What Rosamond had written to him would probably deepen the painful
impressions of the evening. Still, he opened and read it by his
bed-candle. There were only these few words in her neatly flowing hand:--
"I have told Mrs. Casaubon. She is not under any mistake about you.
I told her because she came to see me and was very kind. You will
have nothing to reproach me with now. I shall not have made any
difference to you."
The effect of these words was not quite all gladness. As Will dwelt
on them with excited imagination, he felt his cheeks and ears burning
at the thought of what had occurred between Dorothea and Rosamond--
at the uncertainty how far Dorothea might still feel her dignity
wounded in having an explanation of his conduct offered to her.
There might still remain in her mind a changed association with him
which made an irremediable difference--a lasting flaw.
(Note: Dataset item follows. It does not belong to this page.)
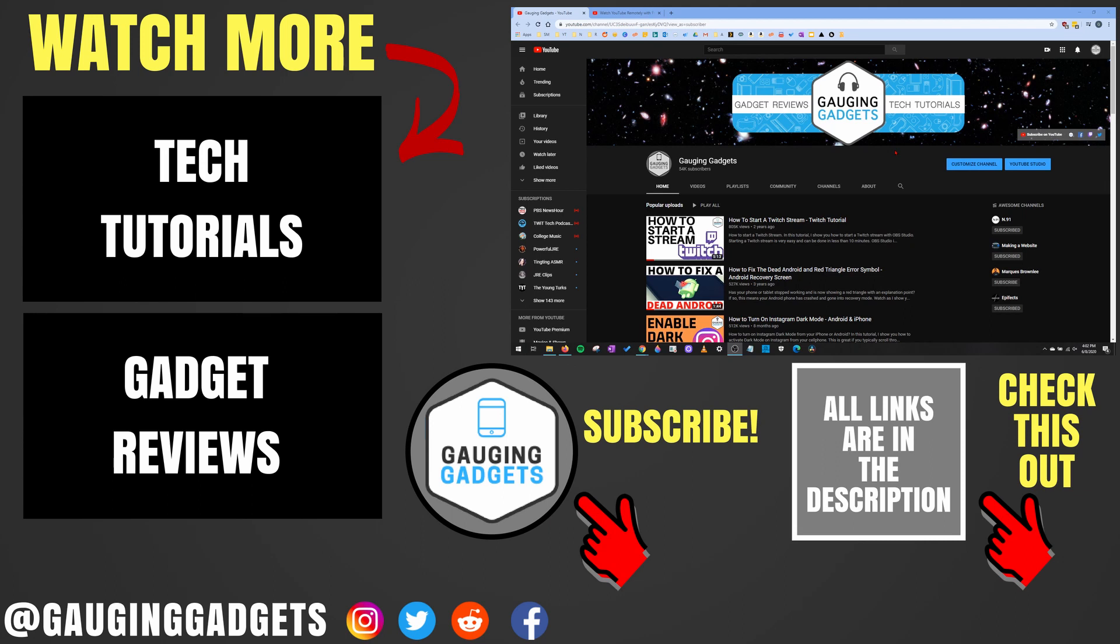If you'd like to see more YouTube tutorial videos, check the links in the description. If this video helped you, give it a thumbs up. And please consider subscribing to my channel, Gauging Gadgets, for more gadget reviews and tech tutorials. Thank you so much for watching.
With active
fancy he wrought himself into a state of doubt little more easy
than that of the man who has escaped from wreck by night and stands
on unknown ground in the darkness. Until that wretched yesterday--
except the moment of vexation long ago in the very same room and
in the very same presence--all their vision, all their thought of
each other, had been as in a world apart, where the sunshine fell on
tall white lilies, where no evil lurked, and no other soul entered.
But now--would Dorothea meet him in that world again?